The government has framed this federal income supplement as a legacy social policy that will help hundreds of thousands of low-income, working-age people with disabilities, intended to complement existing provincial and territorial benefits.

However, ambiguity remains over the possibility of cross-jurisdictional recoveries, and the federal government says it is still asking provinces and territories to agree to exempt the Canada Disability Benefit from counting as income in relation to qualifying for other supports.

Based on the premise that “every dollar matters to those living with a disability,” the government states in the budget that it “aims for the combined amount of federal and provincial/territorial income support for people with disabilities to grow to the level of old age”. Social Security (OAS) and the Guaranteed Income Supplement (GIS)”.

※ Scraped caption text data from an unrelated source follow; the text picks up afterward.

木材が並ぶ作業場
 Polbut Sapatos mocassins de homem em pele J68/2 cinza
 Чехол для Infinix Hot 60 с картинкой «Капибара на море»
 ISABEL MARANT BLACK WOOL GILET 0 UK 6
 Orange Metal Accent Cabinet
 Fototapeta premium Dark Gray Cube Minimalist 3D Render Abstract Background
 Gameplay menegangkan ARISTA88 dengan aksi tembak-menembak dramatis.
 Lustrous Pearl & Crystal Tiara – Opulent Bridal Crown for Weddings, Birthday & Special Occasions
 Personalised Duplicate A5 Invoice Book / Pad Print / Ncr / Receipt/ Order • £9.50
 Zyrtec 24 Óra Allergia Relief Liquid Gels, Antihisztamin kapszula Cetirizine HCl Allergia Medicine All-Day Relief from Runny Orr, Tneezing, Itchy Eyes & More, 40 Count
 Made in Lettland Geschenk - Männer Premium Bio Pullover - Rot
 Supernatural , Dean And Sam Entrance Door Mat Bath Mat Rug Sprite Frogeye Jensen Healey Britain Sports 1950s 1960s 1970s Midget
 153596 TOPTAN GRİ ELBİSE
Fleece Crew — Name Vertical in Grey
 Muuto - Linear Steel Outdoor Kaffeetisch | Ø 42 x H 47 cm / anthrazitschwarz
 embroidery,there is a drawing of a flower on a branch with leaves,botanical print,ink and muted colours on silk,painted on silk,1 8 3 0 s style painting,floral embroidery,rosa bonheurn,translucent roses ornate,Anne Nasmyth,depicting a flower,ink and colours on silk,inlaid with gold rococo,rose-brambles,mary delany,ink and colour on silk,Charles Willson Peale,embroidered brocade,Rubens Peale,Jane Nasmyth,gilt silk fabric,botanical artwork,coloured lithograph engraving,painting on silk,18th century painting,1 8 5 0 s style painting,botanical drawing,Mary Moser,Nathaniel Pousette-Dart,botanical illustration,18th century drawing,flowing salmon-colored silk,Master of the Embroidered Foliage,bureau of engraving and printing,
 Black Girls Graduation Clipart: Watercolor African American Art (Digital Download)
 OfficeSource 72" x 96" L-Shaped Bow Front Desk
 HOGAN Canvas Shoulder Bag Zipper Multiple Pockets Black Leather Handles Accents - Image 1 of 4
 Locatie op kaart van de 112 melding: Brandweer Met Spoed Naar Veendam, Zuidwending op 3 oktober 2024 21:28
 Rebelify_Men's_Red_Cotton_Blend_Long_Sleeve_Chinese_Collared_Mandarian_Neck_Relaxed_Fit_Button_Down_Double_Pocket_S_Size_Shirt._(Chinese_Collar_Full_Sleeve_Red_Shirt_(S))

Questioned on her way to a Liberal caucus meeting, MP Pam Damoff said the government is aware advocates are disappointed and while she, too, would have liked to see additional funding, “it’s more than we had before.”

“It also opens the door to conversations with provinces and territories… They have to come to the table on this,” said Damoff, who was one of the dozens of liberal deputies who had written to Freeland before the budget asking her to include funding for the benefit.

“It’s not the sole federal responsibility to ensure people don’t live in poverty. And I get a little frustrated when it all falls on our shoulders. Provinces need to step up for some of the most vulnerable people in the country, and we’re working to fill that void, but it doesn’t depend solely on us.